So I wanted to write a blog on JRPG’s, as that’s what I’ve been playing lately. The thing is all I really want to do is wax lyrical about them. Doesn’t really make for an interesting article does it? That was a rhetorical question, no need to answer. Still struggling of a direction to take this – ok I’ll just start writing and see what mess of a write-up I create!
So my journey with games started when I was 5 and my dad bought home a SEGA Mega-drive (Genesis for our cousins across the pond). Immediately I’d found my hobby, transfixed by the animations in Earthworm Jim and the speed of Sonic the Hedgehog, I was set for a life of strained eyes in front of the TV set. However my love affair with this industry really started a few years later with the arrival of Sony’s flagship console the Playstation.
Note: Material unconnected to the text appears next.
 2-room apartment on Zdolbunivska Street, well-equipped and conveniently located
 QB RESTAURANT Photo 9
As well as the usual titles such as Crash Bandicoot and Spyro the Dragon, I also acquired – what to me was an unknown quantity at the time, Final Fantasy VII. Yeah I’m cliché; my first foray into the world of JRPG’s was that flagship title that everyone loves and others claim to be overrated. Truth is, I actually hated it when I first played it. That first timed segment in the reactor core can be quite stressful when you’re only seven! Eventually I got over myself and gave it another crack. A few hours later and with Midgar cleared, I was introduced to the over-world. A common feature in many JRPG’s, my little seven year old mind was blown! A seemingly linear affair exploded into an open vast adventure. Fast forward a year and the SNES classic Chrono Trigger is ported for the Playstation. Following the same formula, I was made familiar with through FF7. Further I fell through the rabbit hole.
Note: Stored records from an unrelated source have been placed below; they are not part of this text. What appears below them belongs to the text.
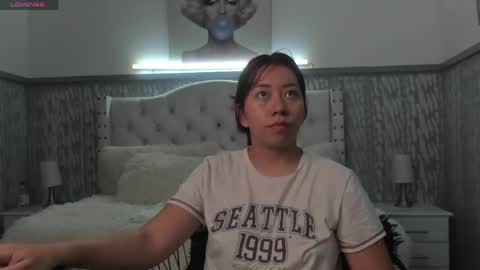 laura online show from April 21, 11:28 am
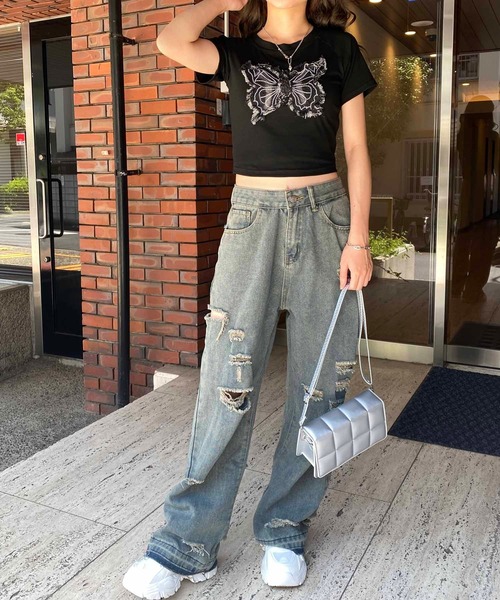 NANEA(ナネア)の「バタフライ刺繍ワッペンクロップドTシャツ(Tシャツ/カットソー・レディース・ホワイト/ブラック/カーキ・SMALL/MEDIUM/LARGE)」の6枚目の写真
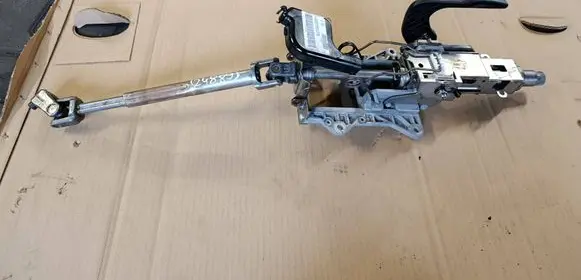 Volkswagen Tiguan Steering wheel axle 5N1419502D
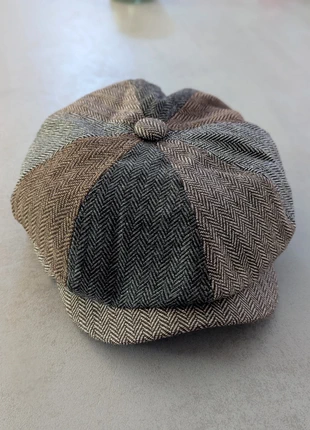 Béret vintage style gavroche multicolore, staat: Nieuw zonder prijskaartje, maat: Universele maat, € 15,00, € 16,45 inclusief Kopersbescherming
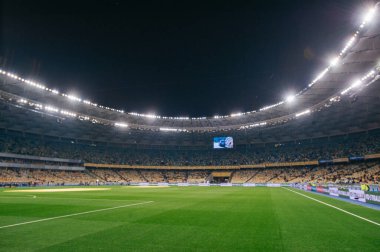 Kyiv, Ukrayna - 14 Ekim 2019: Euro 2020 Ukrayna ile Portekiz karşılaşması öncesinde Olimpiyat Stadyumu manzarası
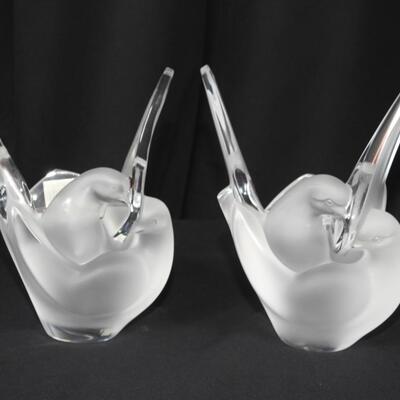 STUNNING Lalique "Sylvie" Frosted Crystal Love Bird Vase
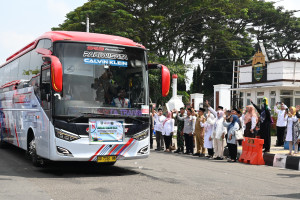 Dilepas Bupati, 1.366 Jamaah Haji Asal Kebumen Diberangkatkan ke Tanah Suci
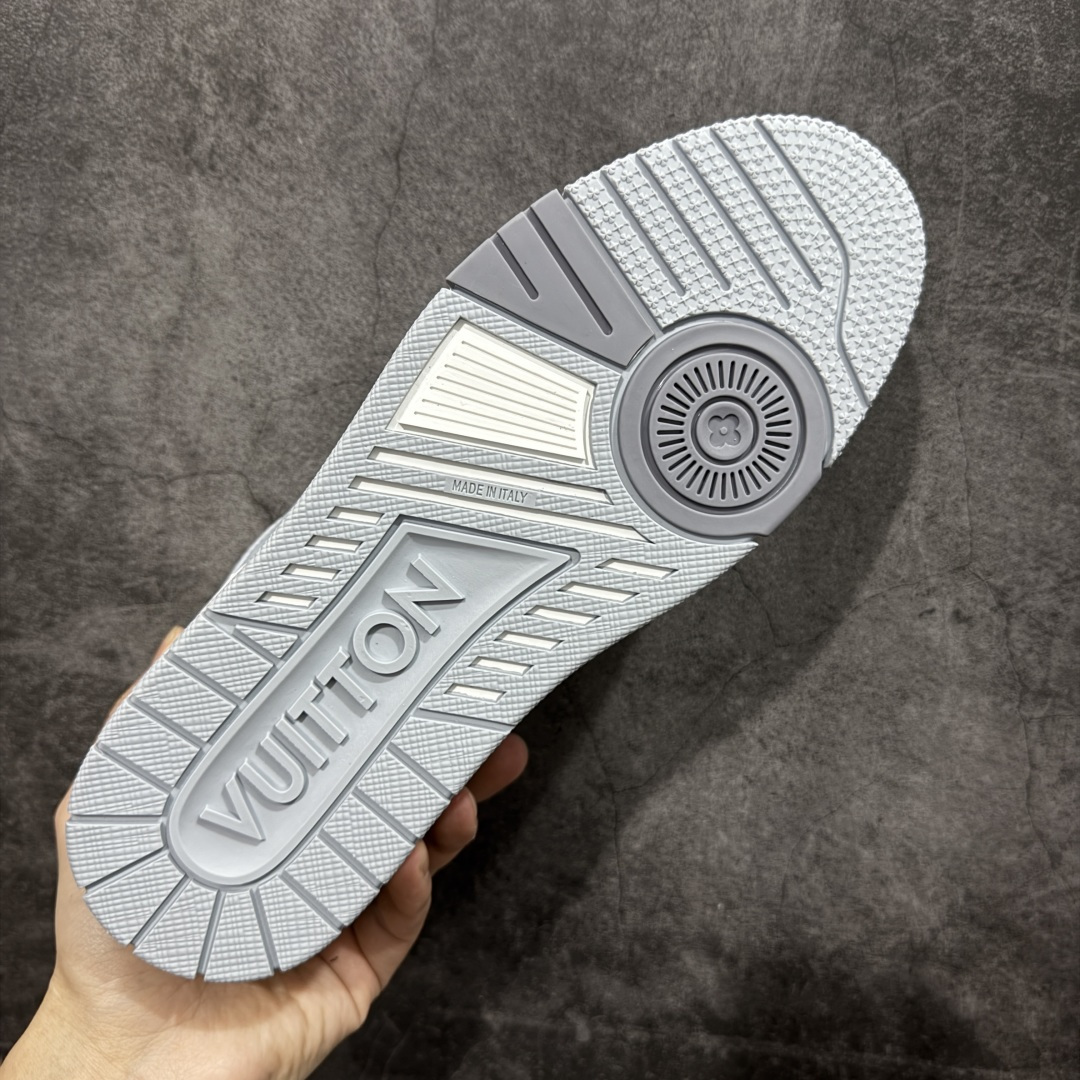 图片[9]-【XC版本】Louis Vuitton LV Trainer系列 新配色入库上架 市场货一堆的东西没必要做文案吹嘘 实拍如图 所见即所得 细节细揣摩 让你感受真正的好货 尺码：35 36 37 38 39 40 41 42 43 44 45 46-选品中心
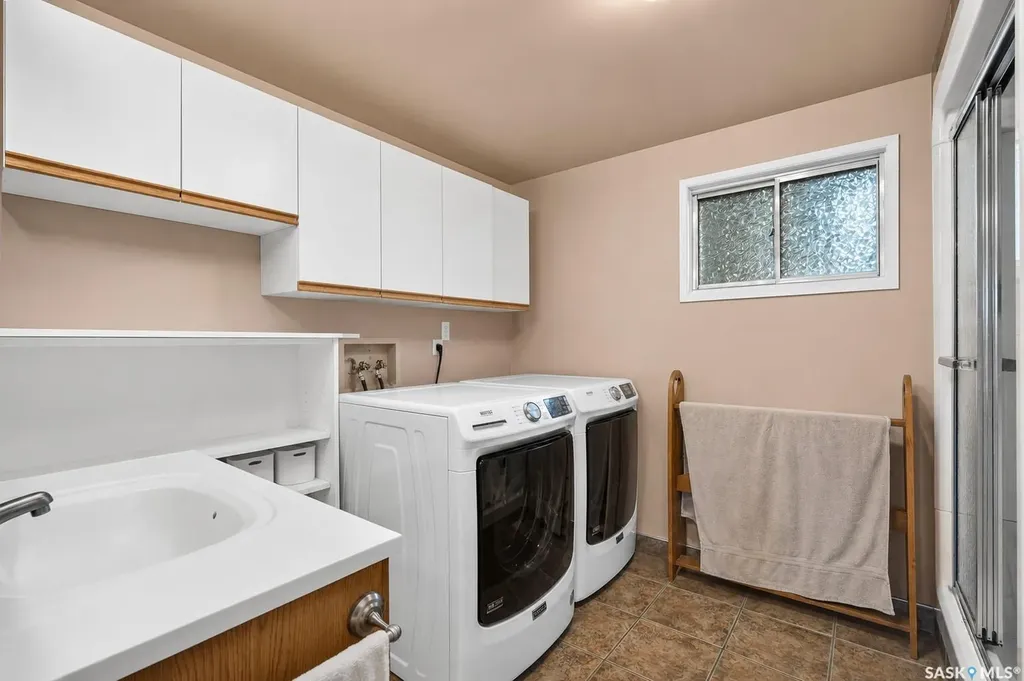 1343 Stadacona Street W Moose Jaw SK S6H 6L4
The mid to late nineties are widely regarded as a golden age for JRPG’s. I was in heaven, games such as Xenogears, Suikoden II, Wild Arms to name a few graced my console. That’s the period of time I remember most fondly when reminiscing about gaming past. The era that followed, ushering in the ps2, started off on a sour note for me. After having thoroughly enjoyed VI, VII, IX and to some degree VIII, Final Fantasy X was a disappointment. I’m not saying it was a bad game, it was actually a very solid game with a compelling story but it lacked something. At the time I didn’t know what it was but years later I’ve come to realise the lack of a world map and a somewhat linear layout of areas made the whole thing seem a bit insular and scaled back – even though the story and settings were in a sense more epic. The disappointment of that was probably where I started to stop playing JRPG’s. I went onto RPG-lite fares such as Kingdom Hearts (amazing how well Disney and Final Fantasy collided!). After a long hiatus Final Fantasy XII came out and it was incredible! The battle system took getting used to but there was real depth there, if you looked for it. As great as the star wars-esque story was, the game became too much of a grind. I never finished it and I moved on to shorter more accessible games.
I soon left the PS2 behind me – leading me to miss great titles such as Persona 3 & 4. Purchasing an Xbox, I was seduced by the western RPG. Boasting more accessible game play, dialogue trees and easier to digest lore! I spent the following years playing Fable, Knights of the Old Republic and Jade Empire. Whilst still a time-sink these titles didn’t demand nearly as much time as their eastern counter-parts and I was fine with that. I didn’t have to endure random encounter after random encounter to level up. In a sense it took a way a sense of achievement but this is where my head was at.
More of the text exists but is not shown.